Task details: Write every record out again exactly as given.

Caption-style text data
━━━
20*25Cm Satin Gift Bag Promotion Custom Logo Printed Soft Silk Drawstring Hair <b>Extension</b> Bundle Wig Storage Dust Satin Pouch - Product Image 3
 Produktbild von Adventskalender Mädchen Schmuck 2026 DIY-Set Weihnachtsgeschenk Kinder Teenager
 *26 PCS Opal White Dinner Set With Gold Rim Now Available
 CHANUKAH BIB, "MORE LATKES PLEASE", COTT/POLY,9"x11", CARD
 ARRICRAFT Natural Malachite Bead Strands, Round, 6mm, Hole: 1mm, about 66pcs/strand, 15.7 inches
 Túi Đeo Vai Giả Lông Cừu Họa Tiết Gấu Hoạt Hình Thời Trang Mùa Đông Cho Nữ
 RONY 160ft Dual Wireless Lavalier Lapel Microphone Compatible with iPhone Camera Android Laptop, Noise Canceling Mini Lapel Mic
━━━
Task output:
20*25Cm Satin Gift Bag Promotion Custom Logo Printed Soft Silk Drawstring Hair <b>Extension</b> Bundle Wig Storage Dust Satin Pouch - Product Image 3
 Produktbild von Adventskalender Mädchen Schmuck 2026 DIY-Set Weihnachtsgeschenk Kinder Teenager
 *26 PCS Opal White Dinner Set With Gold Rim Now Available
 CHANUKAH BIB, "MORE LATKES PLEASE", COTT/POLY,9"x11", CARD
 ARRICRAFT Natural Malachite Bead Strands, Round, 6mm, Hole: 1mm, about 66pcs/strand, 15.7 inches
 Túi Đeo Vai Giả Lông Cừu Họa Tiết Gấu Hoạt Hình Thời Trang Mùa Đông Cho Nữ
 RONY 160ft Dual Wireless Lavalier Lapel Microphone Compatible with iPhone Camera Android Laptop, Noise Canceling Mini Lapel Mic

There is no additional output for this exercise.